ABOUT THIS TASK - Transcribe everything in the listing below exactly, except the pictures.

[[ EXCERPTED RECORDS, beginning ]]

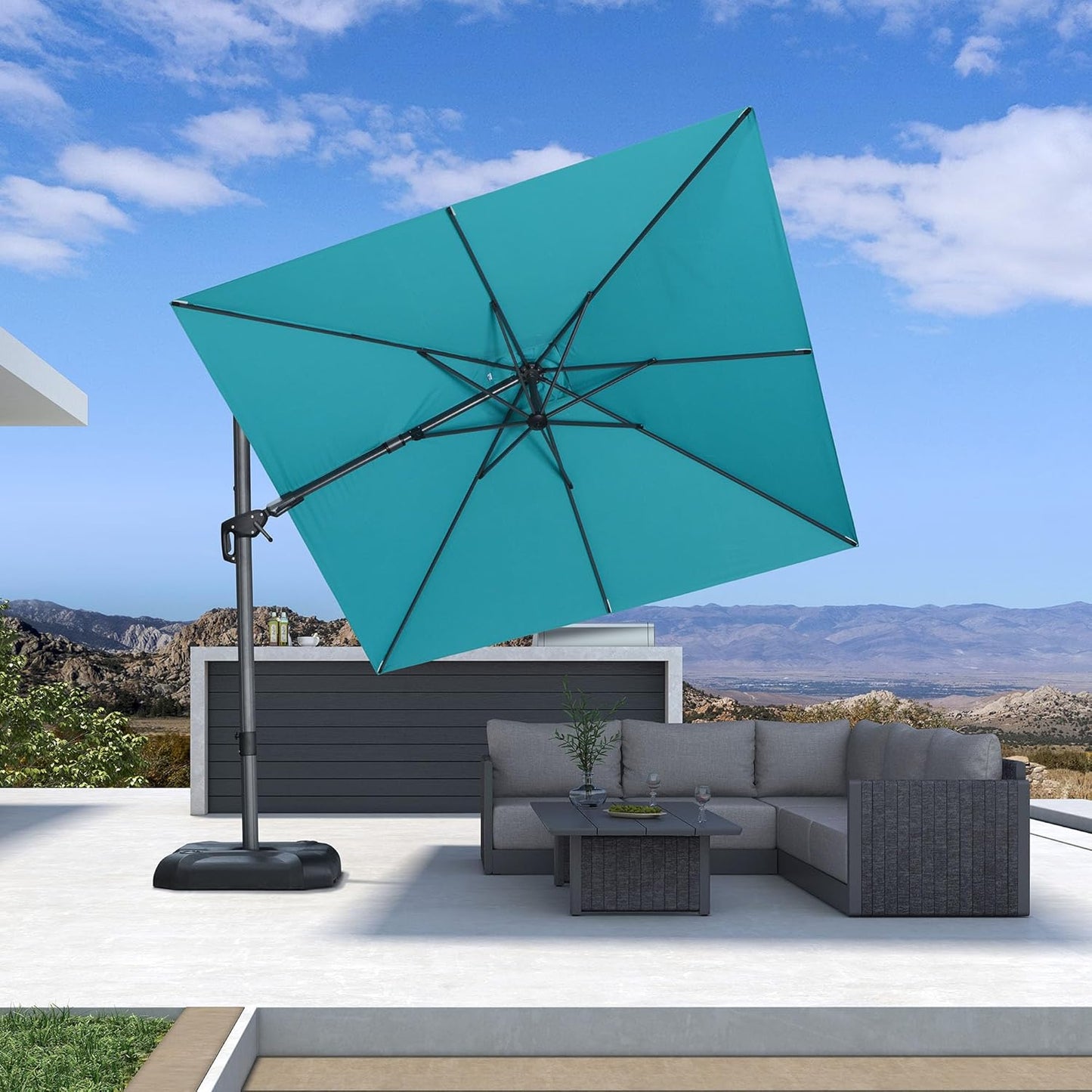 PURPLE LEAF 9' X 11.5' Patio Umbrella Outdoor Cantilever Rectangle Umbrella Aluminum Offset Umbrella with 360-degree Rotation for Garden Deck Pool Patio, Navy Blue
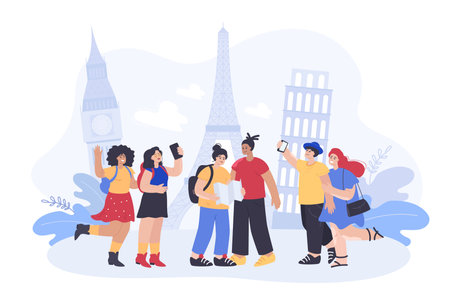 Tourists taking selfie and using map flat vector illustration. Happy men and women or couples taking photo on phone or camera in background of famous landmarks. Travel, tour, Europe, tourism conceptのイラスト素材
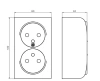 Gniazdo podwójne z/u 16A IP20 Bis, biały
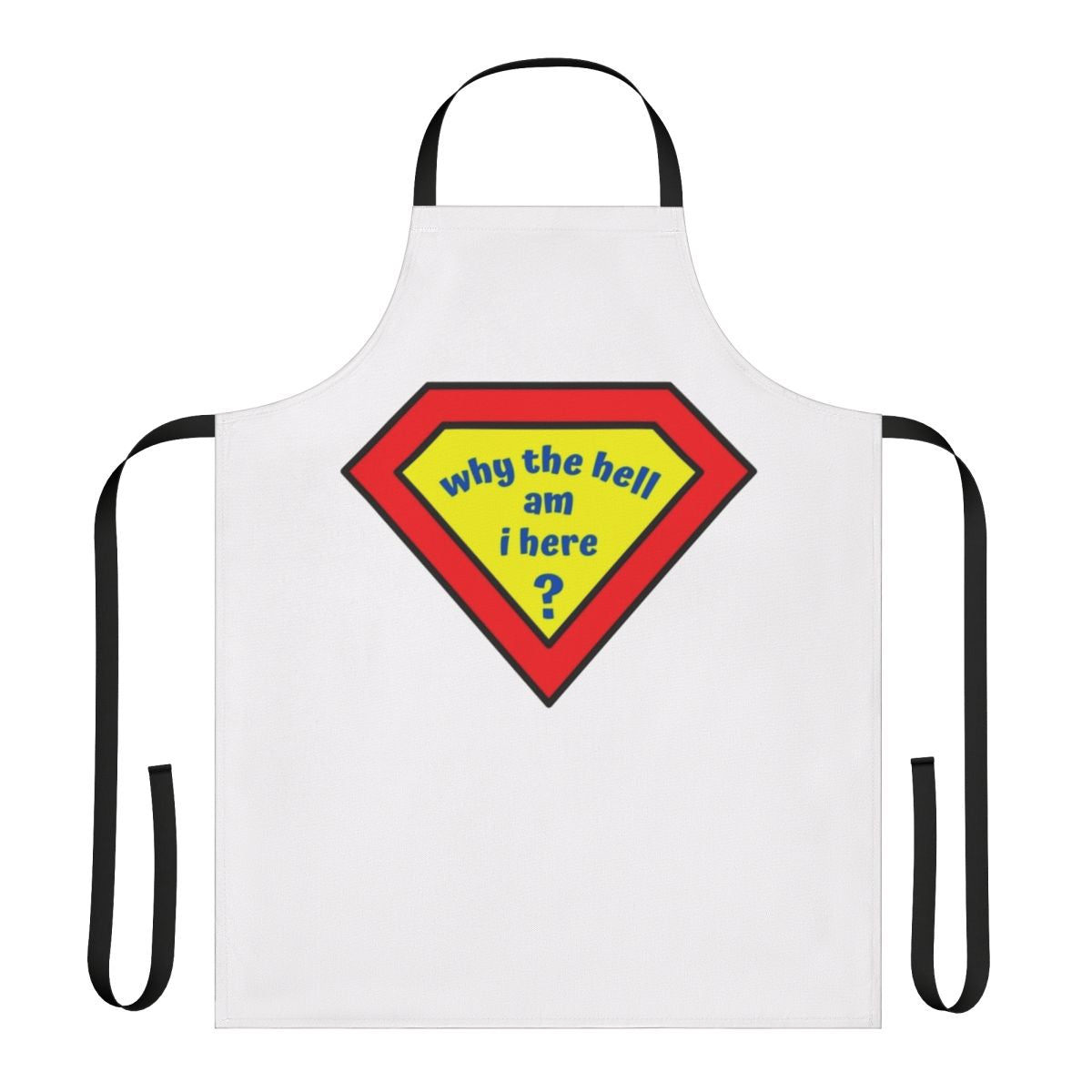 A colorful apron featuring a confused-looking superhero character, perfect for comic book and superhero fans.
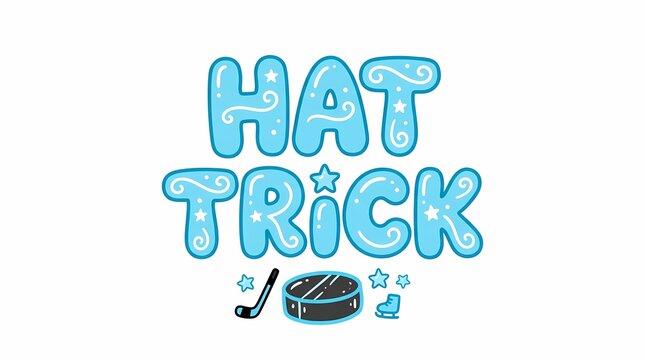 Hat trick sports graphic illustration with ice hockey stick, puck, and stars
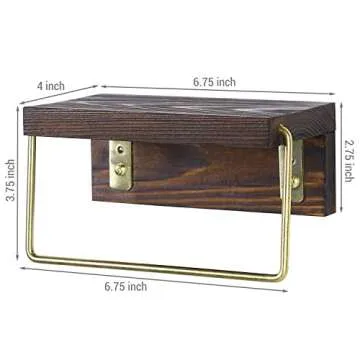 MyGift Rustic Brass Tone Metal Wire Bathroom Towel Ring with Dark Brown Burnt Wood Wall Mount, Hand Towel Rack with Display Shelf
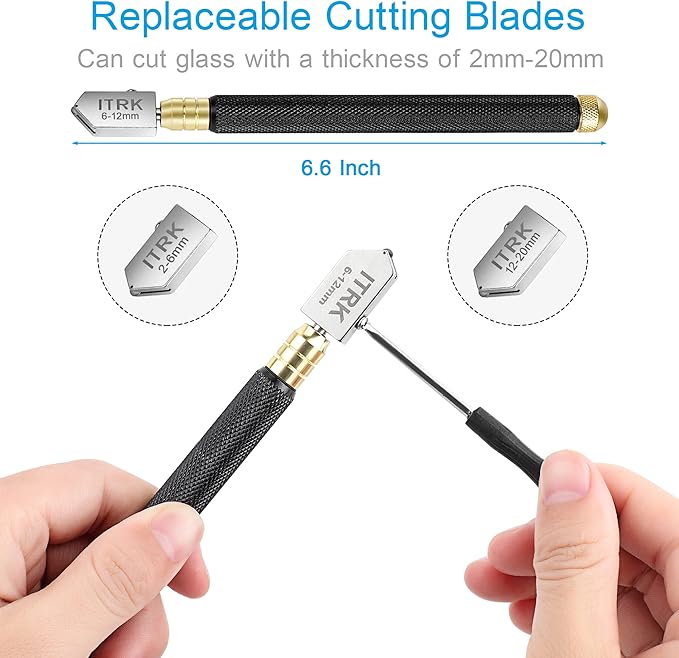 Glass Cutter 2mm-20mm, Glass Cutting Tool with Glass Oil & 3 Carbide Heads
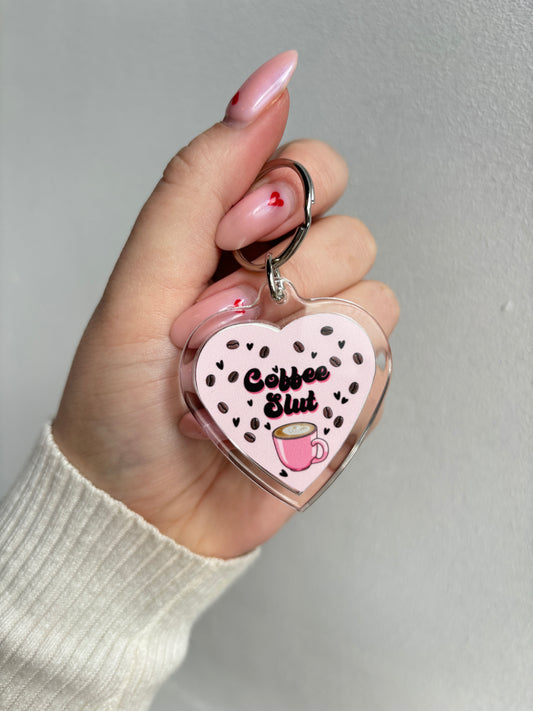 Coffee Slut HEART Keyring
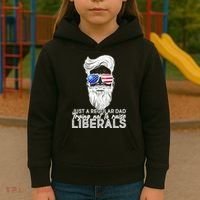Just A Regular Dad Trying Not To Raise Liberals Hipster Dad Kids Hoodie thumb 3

[[ EXCERPTED RECORDS, end ]]

EXERCISE RESULT -
 PURPLE LEAF 9' X 11.5' Patio Umbrella Outdoor Cantilever Rectangle Umbrella Aluminum Offset Umbrella with 360-degree Rotation for Garden Deck Pool Patio, Navy Blue
 Tourists taking selfie and using map flat vector illustration. Happy men and women or couples taking photo on phone or camera in background of famous landmarks. Travel, tour, Europe, tourism conceptのイラスト素材
 Gniazdo podwójne z/u 16A IP20 Bis, biały
 A colorful apron featuring a confused-looking superhero character, perfect for comic book and superhero fans.
 Hat trick sports graphic illustration with ice hockey stick, puck, and stars
 MyGift Rustic Brass Tone Metal Wire Bathroom Towel Ring with Dark Brown Burnt Wood Wall Mount, Hand Towel Rack with Display Shelf
 Glass Cutter 2mm-20mm, Glass Cutting Tool with Glass Oil & 3 Carbide Heads
 Coffee Slut HEART Keyring
Just A Regular Dad Trying Not To Raise Liberals Hipster Dad Kids Hoodie thumb 3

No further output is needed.